日子一天天地过去,太阳东升西落,对所有人来说,似乎每一天看起来都一样,不会有什么不同,就算有,也可能只是错觉。
一个在C星就不会对真太阳产生好奇的人,到了比尔星自然也不会对假太阳产生疑惑。
舒南一直都是这么过的,他也从来没觉得这有什么问题。
哪怕初来乍到的卿梓钰,非常大惊小怪地在对着挂在天上的核反应堆发表了一通牢骚之后,他也没什么太多的想法。
虽然是有点意思,但是也没那么多意思。
像太阳是不是真的这个问题,对实际的生活看上去很重要,但也没那么重要。
反正只要有固定的、规律的光照,生活就可以延续下去。只要有固定的粮食产出,人类就可以维持生命,然后继续过每天都差不多的日子。
对他这样的普通人来说,这比研究太阳更重要一点。
但也就一点。
要说什么是最重要的,那就不知道了,生活已经把时间全部占满,没办法再去研究别的了。
所以当他在病房里躺着,被人高马大的男护士通知说,他的队员编号D8963578因盗窃且妄图逃跑而被枪决的时候,他也觉得并不意外。
是有点惊讶,但又很合理。
虽然仅仅见过几面而已,相处的时间也不算太多,但舒南隐隐就是有这种感觉。
卿梓钰看上去很想活着,很珍惜生命,干的却都是奔着作死去的事。
不然一个好好的富家少爷怎么会把自己折腾到这里来呢?
不理解,但尊重。
后来联邦重新给他配了一名队员,也是这一批新进来的犯人,编号D8963532。两个人一起合力种地,抢在节气时种下作物,每天悉心照顾。
他和卿梓钰是完全不一样的两个人。
他不太会闲聊,也不会把太阳的真假挂在嘴边,不会搞错真水和假水,甚至从来没叫过舒南这个名字。
每次都是叫的编号。
对,这才是比尔星的正常生活模式。每个人都各司其职,每个人都自顾不暇。
同样的,舒南也只叫他编号,因为他压根就没跟舒南说过自己的真名。
他很适应这里的生活,比舒南还游刃有余。
简直就像土生土长的比尔星人一样。
怪人。
在收完联邦历3018年最后一茬草莓味的白菜之后,试验田迎来了农闲的时刻。
土地需要休养生息,其实跟人一样。
人类在疲惫的时候通过睡觉恢复精力,在不能睡觉的时候就喝咖啡或者别的东西来强迫自己提振精神。
土地也可以。
但在比尔星,土地比人更有价值。
所以土地有完整和规律的时间休息,人只能掐着及格标准来恢复体力,然后继续干活,贡献价值。

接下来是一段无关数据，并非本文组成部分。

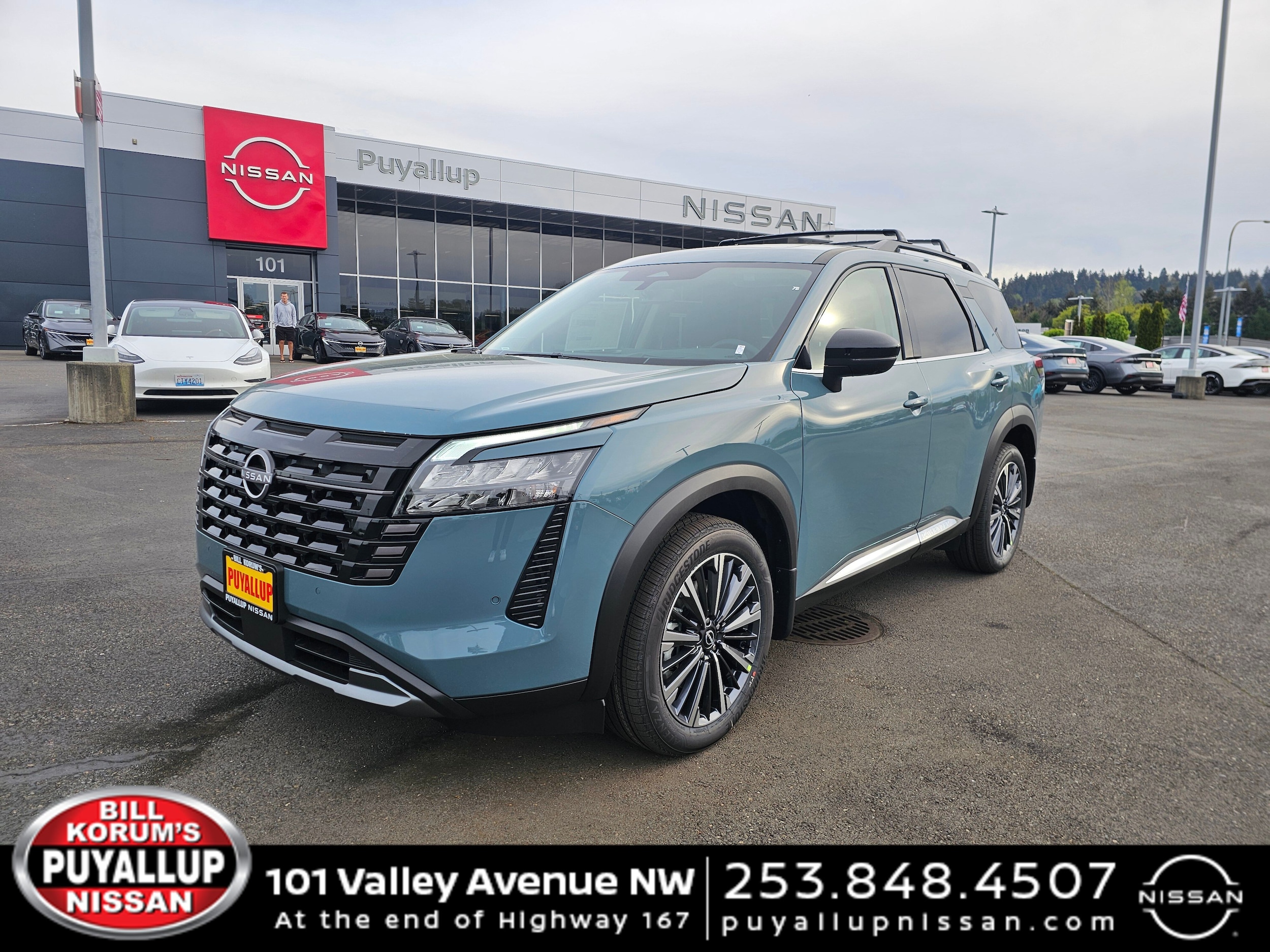 2026 Nissan Pathfinder Platinum 4WD's photo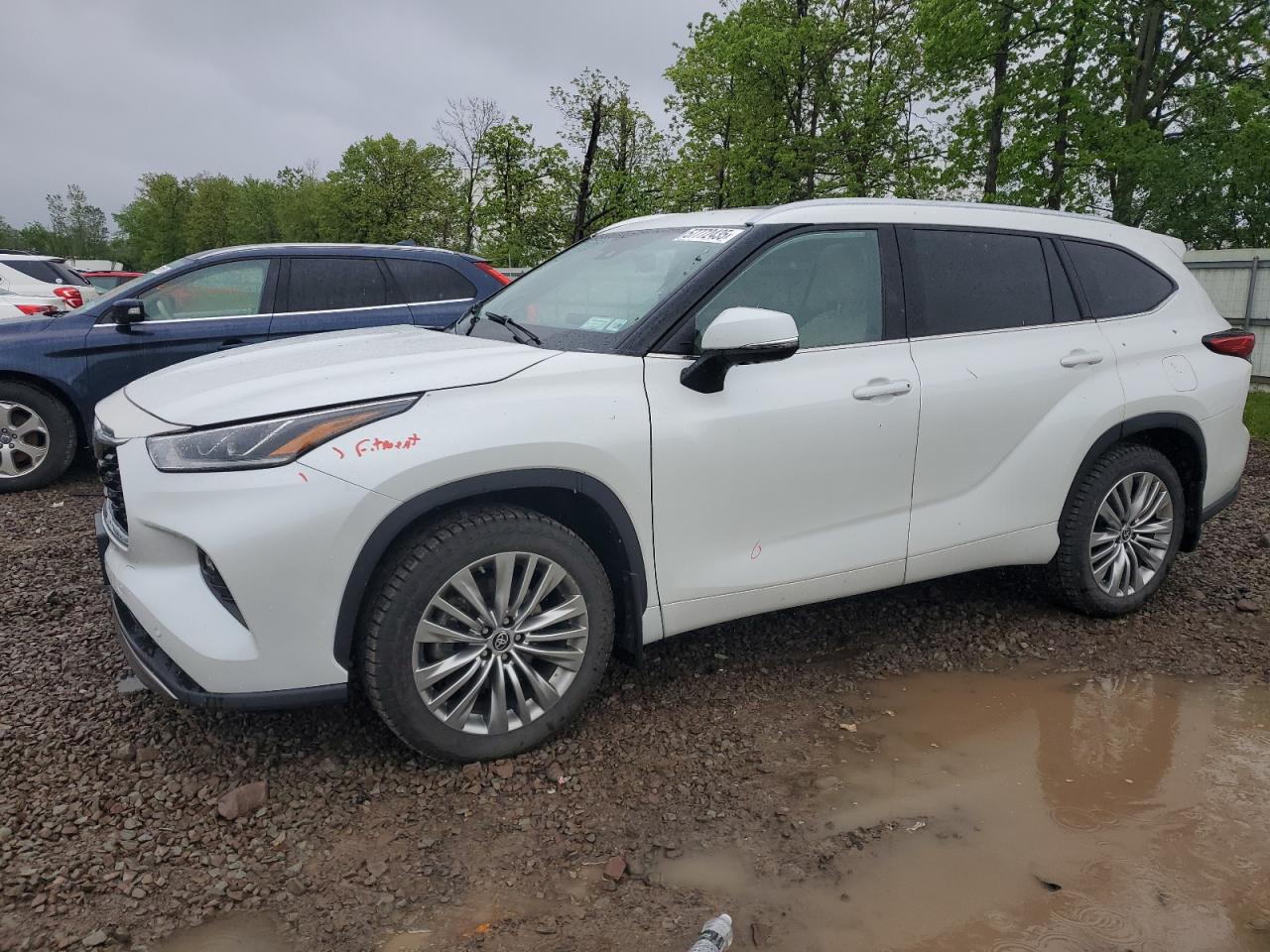 TOYOTA HIGHLANDER 2022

舒南小队在农闲的时候被安排到医院继续工作,他和编号D8963532住在医院专门的宿舍里,其中一个做清洁,另一个做护工。
两个人每天在医院里忙上忙下,表面上看去跟以前也没什么不同。
舒南自然也不会让人知道,他心里其实有多忐忑。
那20万到底要不要还?
这都三个月过去了也没人来讨债啊?
难道因为卿梓钰死了,所以这笔债务也一笔勾销了?
舒南怀着不安的心情走在医院里。
当然,不论再怎么不安,他也是不会主动去还钱的。
那位根本不熟的联邦警官,虽然这个做法有点鸡贼,非常不好意思。
但这又不是他的错。
还是继续装傻吧。
“编号D6952141,从今天起你去5楼19床做专属护工,那位病人是秦教授的人,受了重伤,行动不便无法自理。估计到他出院为止都得由你来看着了。”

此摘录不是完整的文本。